I have corresponded vehemently with former Al Gore speechwriter Bob Lehrman over the last few years on a subject that makes both of us touchy: The importance, for Writers Who Make a Living, of maintaining at least a semblance of one's original writing dreams.
Vehemently, because Bob and I are both still trying to do it—I, by writing feature stories and he by writing novels and the occasional kick-ass piece like this, on the state of imaginative writing and the Iowa Writers Workshop.
How do you exercise that young poet, novelist, reporter who once owned your body and who rents a room in there still?
Bob and I would like to know.
Bob Lehrman says
David, I think our vehemence may be at an end — and not just because you suggested people read my Monitor piece. I agree with you that speechwriters shouldn’t abandon the idea of writing things that have their names on them. It’s satisfying in a way that speeches — which can be pretty satisfying — aren’t. And features — which the Iowa story is — are fun!
David Murray says
Bob, I’ll miss our vehemence. Let’s at least retain our vigor.
Ron Shewchuk says
Wow. Superb piece, Bob, and thanks for sharing it, David.
I turned to barbecue as a creative outlet. But I also structured my communication career to give me opportunities to work on projects that make use of my artistic side – although there seem to be fewer of them these days.
As far as the ability to “exercise that young poet, novelist or reporter,” I have found that vodka is Pilates for the soul.
Joan H. says
Now that this post is old enough that nobody but those of us who are interested will read, I will tell you what this Alaskan thinks. You wrote later about laziness, David, and how we should avoid that word, and gave your examples of how that doesn’t (or shouldn’t) apply. But I disagree. I know in my heart that I have the ability to write, and write well. But I am lazy, and self-indulgent, and I cop out every day. I could be better than I am. I lack self-discipline. I lack self-honesty. I lack self-esteem. I’ve taken enough writing classes to know that only the fear of being judged, in the form of a grade and a professor I respect (in this instance), will motivate me. I’m a sorry excuse for what might have been. And I have no one to blame but me. Roots, poverty, crappy parents–these have nothing to do with success. Failure is failure. My own responsibility. For me, what I have are people who see beyond who I am to what I might be, and love me no matter what, undeservedly. You included. I am grateful for love beyond what I’ve earned. But I still have no excuses. I exercise my weak attempts at writing by responding to you, who had the courage to truly pursue your passion.
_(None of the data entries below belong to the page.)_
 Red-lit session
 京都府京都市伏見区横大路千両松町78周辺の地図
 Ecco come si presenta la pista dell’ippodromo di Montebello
And I love you for it. And thank you for it. You revive my dreams.
David Murray says
Joan, your self-assessment is distasteful to me and no way to talk about one’s self.
“You’re a fucking asshole,” Bill S. screams at himself when he misses a putt.
“Don’t say that, Bill,” I say. “Your inner child might hear you!”
What I really MEAN, however, is this: Who is this imperious, know-it-all King or Queen INSIDE YOU who gets to tell … who–some separate hapless bum, ALSO INSIDE YOU what a piece of shit she is?
No. You’ve got to integrate those two people. Because, as you almost say yourself, other people see you as one person. I don’t like you ANY MORE because of “what you might be,” than I already do.
You are also incorrect in saying that I give you more love than you deserve.
I give you exactly as much love as I’m inspired to give you, and you receive it gratefully and without asking for more. (And vice versa.)
That’s what human beings are supposed to do.
That’s what we do.
In the end, we do what we are and were supposed to do.
Wasted potential? That’s a tag only others can put on us.
And fuck them for doing it, too.
Joan H. says
I love you, David Murray. Thank you for correcting me. Let me say again: I love you.
Joan H. says
Even if I DO put two spaces between my sentences.
Joan H. says
And I am secretly in love with Bill S. I think he’s the male version of me. Who could resist? LOL
Joan H. says
BTW, I am going to have the nicest house in Knik once we’re done with this. You, Bill, Steve and all your sweet spouses have a standing invitation. The sweet spouses can plan their own trip and leave you boys home, if they like. It’s real pretty out here in the woods. But I think you’d like it, too. Come see me. I’ve been to Chicago; it’s your turn. I promise not to take you to look at Sarah Palin’s house (mostly because I have no idea, beyond the vague description of “on Lake Lucille,” where it is, but if you insisted, I’d find out).